Maybe they should have made love again. It might have settled Sam’s nerves some because she was tense and on edge as they followed that path back through the forest to— The trees suddenly cleared and light glowed within that clearing, glinting off the metal roof of a small cabin. “Hey, Hansel,” she murmured. “You think the witch is waiting inside for us?”
Braden chuckled and nodded. “Feels like a trick…but if there’s food inside, I could be tempted to eat it, Gretel.” He’d had some protein bars and water in his backpack, but they’d eaten those last night.
She’d been hungrier for her husband than she’d been for the food. But now that he mentioned eating, her stomach grumbled. “Let me go in first,” she said, and she clutched the gun a little tighter, remembering how easily Braden had taken it from her.
“So you can eat all the food before I get to it?” he teased, his dark eyes serious as he stared down at her and shook his head. “We go in together.”
“You must be famished,” she returned, but she was teasing, too. She knew how much he loved her—as much as she loved him. She scanned the area before slipping out of the relative cover of the trees to cross the clearing. Nothing moved within the cabin, the windows reflecting only the sunlight and now their images. The small blonde woman, the tall, dark and handsome firefighter…

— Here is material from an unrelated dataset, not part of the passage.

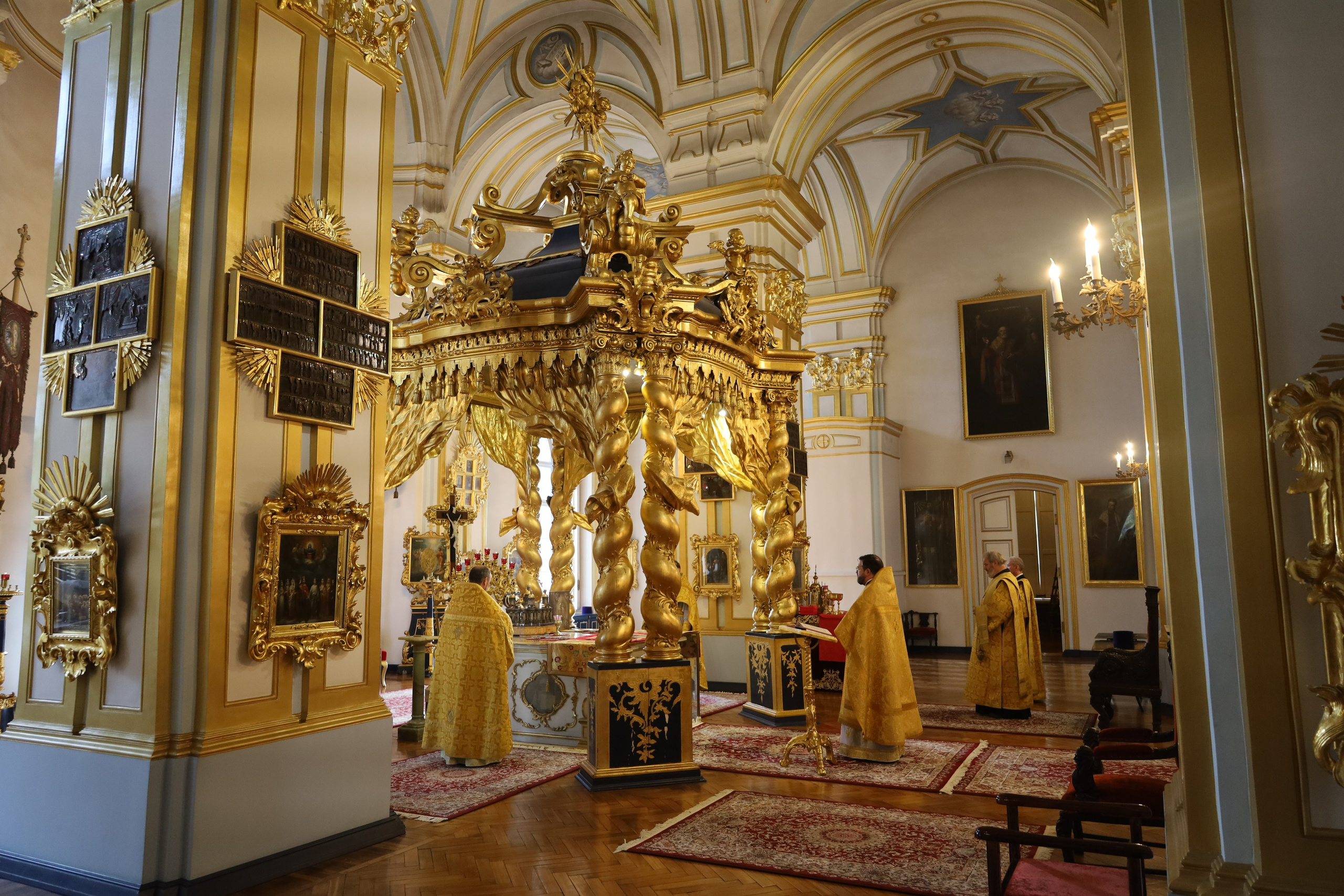 НЕДЕЛЯ 15-Я ПО ПЯТИДЕСЯТНИЦЕ. НИКОЛО-БОГОЯВЛЕНСКИЙ МОРСКОЙ СОБОР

Her pulse quickened as it always did at the sight of him. And the fear that it could be the last time she saw him. That threatening text was what had compelled her to follow the directions to come out here alone. “Somebody went to an awful lot of effort to get us here,” she said as she and Braden crossed the front porch.
She reached for the door handle at the same time he did, and together they turned it. It was unlocked. And when the door popped open, she pushed forward, stepping through first with her gun barrel pointing ahead of her, toward whatever threat awaited them.
That was what the banner hanging across the mantel of the stone fireplace proclaimed. Surprise!
A vase of red roses sat on the mantel and another on a coffee table next to a bottle of champagne in a bucket of water, presumably from melted ice. She turned toward Braden. “You did this?”
Was this supposed to be some kind of romantic getaway?
His jaw was clenched, his face grim, and he shook his head. “I had no idea…or we wouldn’t have spent the night in the truck.”
Of course. That made sense. “But who…?”
Braden crossed the room to the stone fireplace, and he plucked the card from the vase of flowers. Then he shook his head and chuckled.
“Who?” she asked. “Who’s behind this? And why the hell did they take a shot at us last night?”